Here are some pics: 

http://3.bp.blogspot.com/__bNx-w39RHU/Su3pgqE9-2I/AAAAAAAAAds/voxlsgcYZ1w/s1600-h/DSC01607.jpg

http://www.facebook.com/photo.php?pid=10692935&l=7308cdc95f&id=508765494


----------



## ElPitchfork (Oct 2, 2005)

Thanks. Exactly what I had in mind. Good costume.


----------



## Skulkin (Jul 27, 2005)

I did pretty much the same as Portia, except I took a pair of painter pants and turtleneck shirt, cut them up the seams and sewed (you can also hot glue or fabric glue) the strips of tea-stained gauze fabric onto the clothes. Then I sewed up the seams and attached some loose pieces to hang down. That way I didn't have to wrap and pin all those strips. I also took an old pair of shoes and covered them with the strips. I've attached a pic without the headpiece. My scanner's not working or I'd have another pic of both me and my husband in full costume.


----------



## Spookilicious mama (Feb 27, 2008)

Skulkin said:


> I did pretty much the same as Portia, except I took a pair of painter pants and turtleneck shirt, cut them up the seams and sewed (you can also hot glue or fabric glue) the strips of tea-stained gauze fabric onto the clothes. Then I sewed up the seams and attached some loose pieces to hang down. That way I didn't have to wrap and pin all those strips. I also took an old pair of shoes and covered them with the strips. I've attached a pic without the headpiece. My scanner's not working or I'd have another pic of both me and my husband in full costume.
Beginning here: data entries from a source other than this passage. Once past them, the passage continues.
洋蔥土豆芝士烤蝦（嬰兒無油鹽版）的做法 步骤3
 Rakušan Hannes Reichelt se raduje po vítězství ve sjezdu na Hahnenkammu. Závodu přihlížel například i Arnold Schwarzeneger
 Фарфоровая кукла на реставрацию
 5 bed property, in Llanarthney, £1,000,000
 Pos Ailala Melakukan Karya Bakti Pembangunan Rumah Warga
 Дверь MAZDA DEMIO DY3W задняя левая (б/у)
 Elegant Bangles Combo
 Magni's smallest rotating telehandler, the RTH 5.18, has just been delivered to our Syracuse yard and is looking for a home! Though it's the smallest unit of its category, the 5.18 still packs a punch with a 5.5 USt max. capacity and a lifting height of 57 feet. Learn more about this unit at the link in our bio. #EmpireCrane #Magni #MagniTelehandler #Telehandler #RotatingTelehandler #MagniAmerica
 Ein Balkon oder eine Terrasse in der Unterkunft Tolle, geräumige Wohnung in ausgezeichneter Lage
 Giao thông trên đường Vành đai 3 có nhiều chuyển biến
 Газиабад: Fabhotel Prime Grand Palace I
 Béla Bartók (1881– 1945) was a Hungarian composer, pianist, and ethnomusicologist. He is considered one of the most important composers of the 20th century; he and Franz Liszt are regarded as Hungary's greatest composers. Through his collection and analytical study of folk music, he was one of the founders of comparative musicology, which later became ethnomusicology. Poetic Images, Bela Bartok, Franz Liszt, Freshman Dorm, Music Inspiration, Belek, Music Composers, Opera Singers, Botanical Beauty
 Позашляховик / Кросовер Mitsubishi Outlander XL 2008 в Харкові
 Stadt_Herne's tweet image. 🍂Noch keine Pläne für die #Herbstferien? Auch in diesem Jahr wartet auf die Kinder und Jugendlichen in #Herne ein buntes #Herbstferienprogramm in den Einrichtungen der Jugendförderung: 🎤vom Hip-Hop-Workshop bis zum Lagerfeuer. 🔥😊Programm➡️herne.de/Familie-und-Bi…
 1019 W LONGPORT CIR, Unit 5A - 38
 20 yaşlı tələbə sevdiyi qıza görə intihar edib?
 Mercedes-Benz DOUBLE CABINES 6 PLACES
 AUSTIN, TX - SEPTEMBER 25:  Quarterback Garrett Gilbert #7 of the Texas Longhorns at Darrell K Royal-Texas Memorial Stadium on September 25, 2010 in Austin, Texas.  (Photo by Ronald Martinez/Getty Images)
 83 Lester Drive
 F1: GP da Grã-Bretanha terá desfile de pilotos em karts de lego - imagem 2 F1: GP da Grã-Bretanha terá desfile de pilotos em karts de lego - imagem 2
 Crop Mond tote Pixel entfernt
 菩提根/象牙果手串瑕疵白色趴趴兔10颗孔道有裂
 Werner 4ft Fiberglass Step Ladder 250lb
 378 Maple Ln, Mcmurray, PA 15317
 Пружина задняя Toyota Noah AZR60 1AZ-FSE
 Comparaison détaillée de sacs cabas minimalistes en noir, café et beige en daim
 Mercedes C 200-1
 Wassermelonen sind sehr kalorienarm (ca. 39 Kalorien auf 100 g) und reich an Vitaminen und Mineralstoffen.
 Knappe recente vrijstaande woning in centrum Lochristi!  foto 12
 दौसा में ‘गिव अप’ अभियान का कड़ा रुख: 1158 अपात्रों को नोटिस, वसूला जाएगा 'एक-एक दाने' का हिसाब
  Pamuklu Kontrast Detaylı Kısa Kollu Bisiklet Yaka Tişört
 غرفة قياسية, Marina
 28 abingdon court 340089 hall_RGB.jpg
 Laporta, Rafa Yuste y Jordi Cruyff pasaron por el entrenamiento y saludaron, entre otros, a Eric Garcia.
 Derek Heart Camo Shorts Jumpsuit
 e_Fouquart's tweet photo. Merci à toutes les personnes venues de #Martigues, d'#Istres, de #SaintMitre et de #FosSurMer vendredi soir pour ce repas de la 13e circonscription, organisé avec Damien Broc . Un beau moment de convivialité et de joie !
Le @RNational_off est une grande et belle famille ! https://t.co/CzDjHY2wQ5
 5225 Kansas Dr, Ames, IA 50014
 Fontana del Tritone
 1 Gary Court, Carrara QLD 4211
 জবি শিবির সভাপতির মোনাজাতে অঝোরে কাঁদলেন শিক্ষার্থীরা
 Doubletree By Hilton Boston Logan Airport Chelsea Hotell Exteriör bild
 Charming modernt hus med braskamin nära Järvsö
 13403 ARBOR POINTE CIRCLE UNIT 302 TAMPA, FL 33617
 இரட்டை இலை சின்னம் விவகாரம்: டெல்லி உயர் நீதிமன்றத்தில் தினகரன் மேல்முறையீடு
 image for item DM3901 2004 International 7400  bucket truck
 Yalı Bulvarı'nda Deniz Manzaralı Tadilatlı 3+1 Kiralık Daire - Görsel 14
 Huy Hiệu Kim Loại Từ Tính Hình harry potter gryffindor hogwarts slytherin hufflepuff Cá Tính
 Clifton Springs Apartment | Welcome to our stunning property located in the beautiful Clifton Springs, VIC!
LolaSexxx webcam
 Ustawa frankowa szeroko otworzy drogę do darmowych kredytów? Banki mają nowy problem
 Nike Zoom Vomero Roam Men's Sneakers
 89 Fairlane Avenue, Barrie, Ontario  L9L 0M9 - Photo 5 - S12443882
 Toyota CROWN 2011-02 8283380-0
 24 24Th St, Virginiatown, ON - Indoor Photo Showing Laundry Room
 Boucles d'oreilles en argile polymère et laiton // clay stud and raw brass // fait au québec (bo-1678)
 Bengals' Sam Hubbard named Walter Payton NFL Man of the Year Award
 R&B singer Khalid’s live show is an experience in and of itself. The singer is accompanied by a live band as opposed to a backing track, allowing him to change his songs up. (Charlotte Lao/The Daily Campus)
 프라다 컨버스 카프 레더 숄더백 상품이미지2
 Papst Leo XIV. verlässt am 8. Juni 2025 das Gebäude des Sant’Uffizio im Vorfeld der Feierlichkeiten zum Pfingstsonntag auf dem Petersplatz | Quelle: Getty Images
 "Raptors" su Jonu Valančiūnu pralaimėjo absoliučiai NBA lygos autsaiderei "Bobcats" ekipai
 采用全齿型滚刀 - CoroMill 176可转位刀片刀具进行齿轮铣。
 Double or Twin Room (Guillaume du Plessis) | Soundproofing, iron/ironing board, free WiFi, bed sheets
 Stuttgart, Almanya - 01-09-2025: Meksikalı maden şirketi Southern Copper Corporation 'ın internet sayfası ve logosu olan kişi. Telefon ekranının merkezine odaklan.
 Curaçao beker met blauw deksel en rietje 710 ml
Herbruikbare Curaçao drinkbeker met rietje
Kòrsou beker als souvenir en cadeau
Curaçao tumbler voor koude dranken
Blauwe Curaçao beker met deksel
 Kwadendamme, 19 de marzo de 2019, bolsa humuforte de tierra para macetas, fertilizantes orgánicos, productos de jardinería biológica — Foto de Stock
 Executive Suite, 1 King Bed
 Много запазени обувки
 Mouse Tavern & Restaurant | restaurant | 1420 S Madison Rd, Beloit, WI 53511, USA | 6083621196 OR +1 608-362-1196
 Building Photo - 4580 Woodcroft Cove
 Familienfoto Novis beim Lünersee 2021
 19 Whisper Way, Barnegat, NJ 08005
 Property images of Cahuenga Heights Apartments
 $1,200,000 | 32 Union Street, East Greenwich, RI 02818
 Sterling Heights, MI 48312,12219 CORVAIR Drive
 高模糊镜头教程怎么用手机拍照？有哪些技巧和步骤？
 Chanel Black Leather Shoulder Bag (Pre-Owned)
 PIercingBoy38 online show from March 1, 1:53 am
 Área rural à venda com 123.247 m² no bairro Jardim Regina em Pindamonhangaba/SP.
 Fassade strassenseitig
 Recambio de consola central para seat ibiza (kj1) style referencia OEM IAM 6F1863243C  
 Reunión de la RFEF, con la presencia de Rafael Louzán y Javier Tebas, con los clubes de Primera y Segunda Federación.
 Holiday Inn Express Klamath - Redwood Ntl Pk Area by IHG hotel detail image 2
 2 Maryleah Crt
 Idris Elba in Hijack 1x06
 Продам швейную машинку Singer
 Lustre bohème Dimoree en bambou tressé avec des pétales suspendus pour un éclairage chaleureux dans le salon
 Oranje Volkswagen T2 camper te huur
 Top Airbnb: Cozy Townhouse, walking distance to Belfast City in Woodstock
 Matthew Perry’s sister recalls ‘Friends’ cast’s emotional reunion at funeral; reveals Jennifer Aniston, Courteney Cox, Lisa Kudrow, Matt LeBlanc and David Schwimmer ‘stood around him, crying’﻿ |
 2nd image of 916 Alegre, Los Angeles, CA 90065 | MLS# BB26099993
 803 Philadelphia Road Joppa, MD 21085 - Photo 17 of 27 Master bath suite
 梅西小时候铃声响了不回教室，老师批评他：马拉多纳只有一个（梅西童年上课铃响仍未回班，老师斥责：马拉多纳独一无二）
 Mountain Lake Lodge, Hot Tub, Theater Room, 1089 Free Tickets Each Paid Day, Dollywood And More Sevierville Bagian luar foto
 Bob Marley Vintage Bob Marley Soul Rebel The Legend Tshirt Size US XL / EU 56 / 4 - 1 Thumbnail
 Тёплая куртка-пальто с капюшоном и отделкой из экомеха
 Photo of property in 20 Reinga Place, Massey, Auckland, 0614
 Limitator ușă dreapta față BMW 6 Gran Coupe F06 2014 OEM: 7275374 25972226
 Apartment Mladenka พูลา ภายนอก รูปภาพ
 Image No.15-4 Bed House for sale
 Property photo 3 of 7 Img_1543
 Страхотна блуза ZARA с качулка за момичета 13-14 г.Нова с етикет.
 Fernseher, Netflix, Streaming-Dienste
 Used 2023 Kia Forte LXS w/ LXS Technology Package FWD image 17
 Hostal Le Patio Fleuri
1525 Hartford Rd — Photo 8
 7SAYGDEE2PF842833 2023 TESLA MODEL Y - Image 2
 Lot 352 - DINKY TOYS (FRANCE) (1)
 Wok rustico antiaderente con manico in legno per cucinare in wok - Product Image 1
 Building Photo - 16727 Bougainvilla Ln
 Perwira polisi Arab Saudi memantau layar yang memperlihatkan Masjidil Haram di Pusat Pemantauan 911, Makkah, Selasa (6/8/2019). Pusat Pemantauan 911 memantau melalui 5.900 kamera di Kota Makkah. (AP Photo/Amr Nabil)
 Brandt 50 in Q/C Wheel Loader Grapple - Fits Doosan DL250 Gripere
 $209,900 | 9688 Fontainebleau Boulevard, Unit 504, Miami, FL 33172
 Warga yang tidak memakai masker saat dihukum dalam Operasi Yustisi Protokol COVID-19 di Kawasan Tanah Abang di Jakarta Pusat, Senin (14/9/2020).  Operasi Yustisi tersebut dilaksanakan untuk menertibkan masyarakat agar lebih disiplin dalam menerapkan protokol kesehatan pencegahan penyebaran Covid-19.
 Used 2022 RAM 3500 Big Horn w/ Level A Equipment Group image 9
*That came out Fabulous!!! Great job*


----------



## offmymeds (May 26, 2010)

You can also use cheap white sheets. Tea stain them and rip them up.


----------



## 13mummy (Aug 26, 2007)

I purchased one of those zip up thin white paint suits. Then I used cheesecloth like above and sewed it on the suit. I found it very easy to get in and out of.


----------



## Spookilicious mama (Feb 27, 2008)

13mummy said:


> I purchased one of those zip up thin white paint suits. Then I used cheesecloth like above and sewed it on the suit. I found it very easy to get in and out of.



*Pant suit!!! what a great idea!!! I would have never thought of that but that would make it easier to get in and out of You also looked great in that costume*


----------